▶ **Task statement**: First find the line with "нашем детском саду", then reproduce it and all following lines of the data to the end, exactly and with no pictures, adding nothing.

▶ **Stored data**:
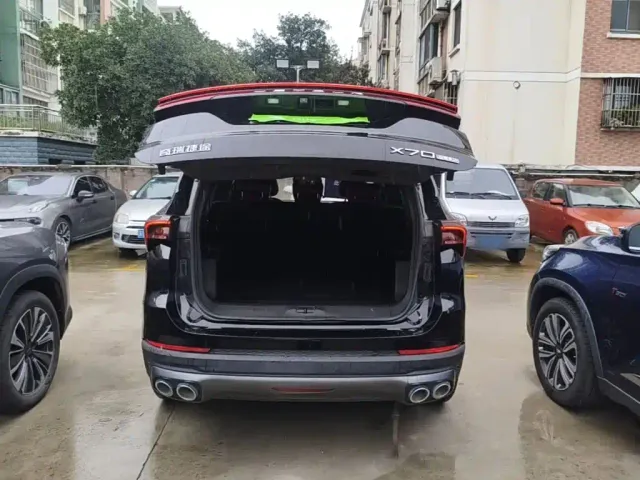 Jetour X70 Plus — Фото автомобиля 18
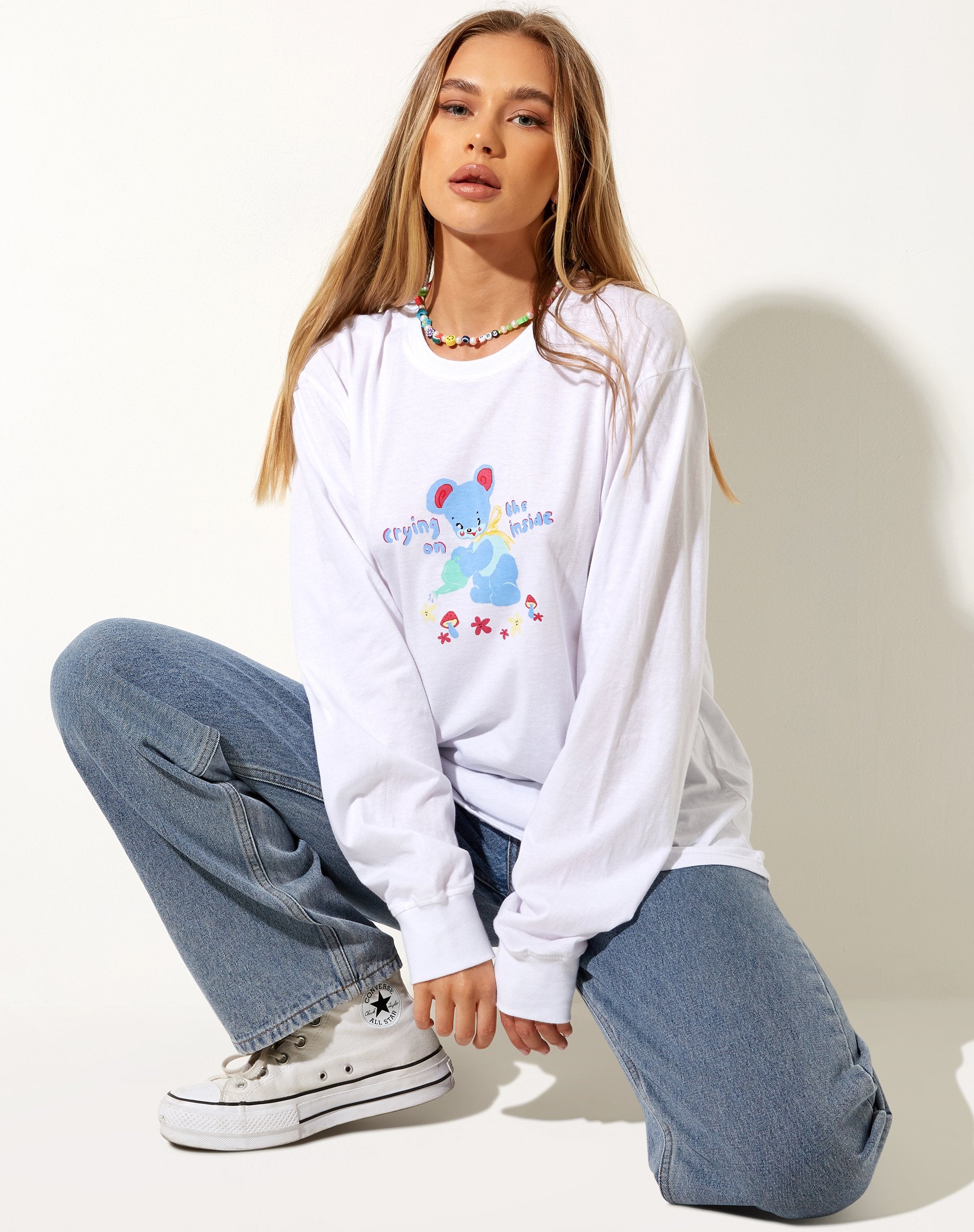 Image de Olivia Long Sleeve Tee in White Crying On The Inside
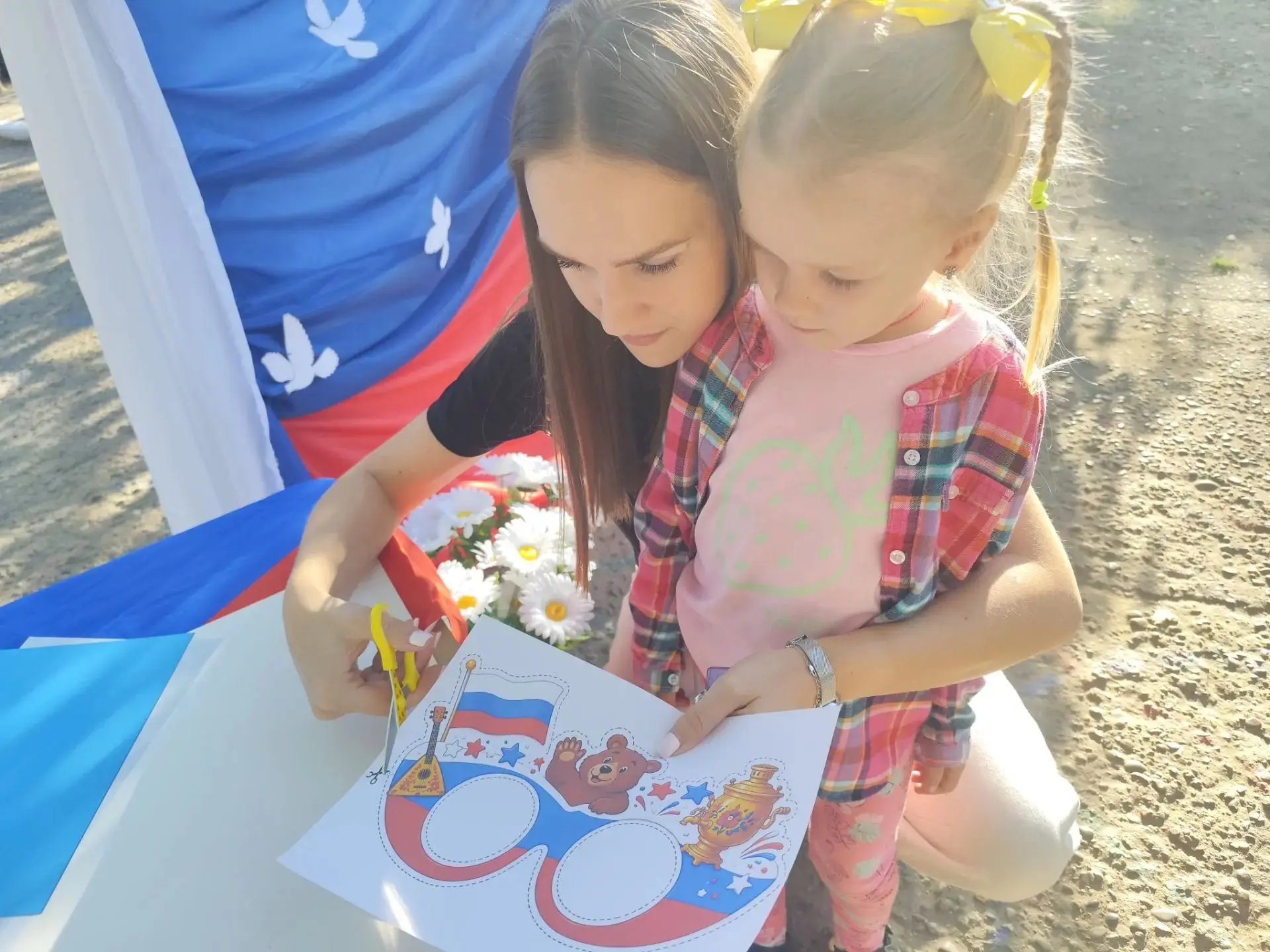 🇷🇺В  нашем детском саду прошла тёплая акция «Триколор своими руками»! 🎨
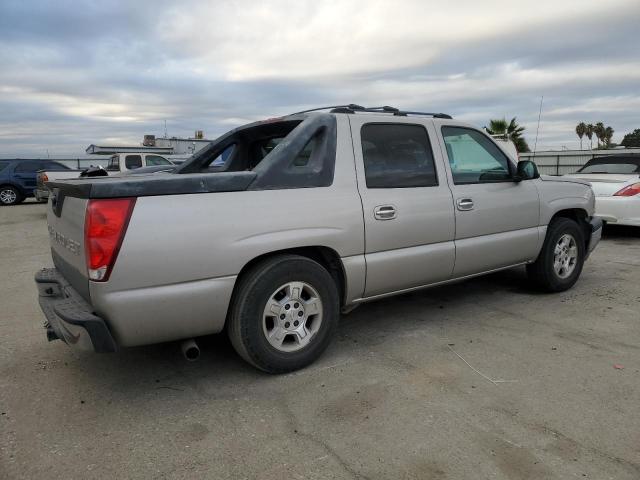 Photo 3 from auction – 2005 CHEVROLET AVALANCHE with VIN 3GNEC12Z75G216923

▶ **Result for this task**:
 🇷🇺В  нашем детском саду прошла тёплая акция «Триколор своими руками»! 🎨
 Photo 3 from auction – 2005 CHEVROLET AVALANCHE with VIN 3GNEC12Z75G216923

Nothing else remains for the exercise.